The naira weakened for a third straight day after hitting three-month highs, amid deteriorating domestic dollar liquidity after Nigeria’s foreign exchange reserves declined to a seven-year low.

The local unit dropped 5.3% against the dollar on Monday to halt a performance that had briefly elevated it to the best performing currency in the world, according to Lagos-based FMDQ. On the unofficial market, it fell 6% to extend the retreat of the past three trading days to 17%, said Abubakar Muhammed, chief executive of Forward Marketing Bureau de Change Ltd., which tracks the data in the commercial capital.

Traded volume at the foreign exchange market dropped to a two-month low of $86 million at the weekend before rising 27% to $110 million on Monday. But the supply proved insufficient, prompting the naira to soften while excess demand shifted to the unofficial market, he said.

The West African nation’s gross dollar reserves has fallen steadily for 17 days to $32 billion as of April 19, the lowest the reserves have been since Sept. 2017, according to Bloomberg’s calculations based on the latest available data from the Central Bank of Nigeria.

The trend has raised concerns that dollar inflows are not arriving quickly enough to rebuild reserves after the central bank settled overdue dollar obligations earlier this year.

“The naira has been supported by onshore dollar selling as long positions were unwound, but the rally was probably overextended,” said Samir Gadio, head of Africa strategy at Standard Chartered Bank. “A dislocation started to emerge as domestic market participants sold dollars at increasingly lower spot levels” which was not sustainable and led to a correction, he said.

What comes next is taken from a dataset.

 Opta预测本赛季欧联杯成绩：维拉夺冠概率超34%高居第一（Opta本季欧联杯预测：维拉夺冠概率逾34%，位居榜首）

The currency has lost more than 60% of its value against the dollar following two devaluations since June to reform the foreign exchange market and attract more foreign capital. The central bank has also introduced a raft of measures to prod lenders to supply more dollars to the local market.

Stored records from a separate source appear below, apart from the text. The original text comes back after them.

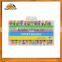 High Quality And Cheap Color Wooden mini colored pencil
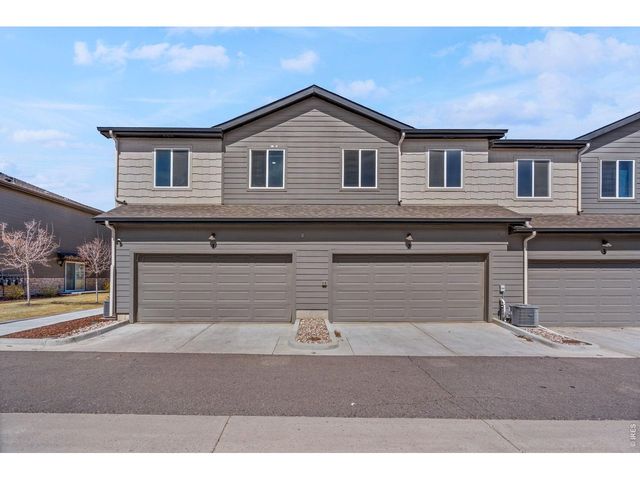 6609 4th Street Rd 1, Greeley, CO 80634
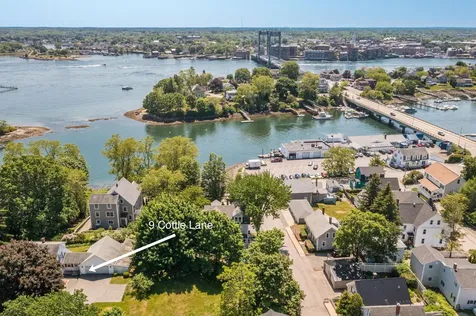 9 Cottle Lane Kittery ME 03904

The steps have helped the naira to recover from a 1,627 per dollar low in early March to 1,234/dollar on Monday on the official market, which is the most recent day for which data are available.

The central bank on Tuesday offered dollars to operators of bureau de change at 1,021 naira, 17% below than the official rate tracked by FMDQ, in a bid to improve liquidity in the parallel market.

“If the central bank is driving appreciation by selling dollars to BDCs at a lower rate, then I’m not sure how sustainable that is,” said Banctrust Investment Bank’s analyst Ayodeji Dawodu, who predicts the naira will probably stabilize around 1,500 a dollar by year end, adding that this would spur strong foreign capital inflows.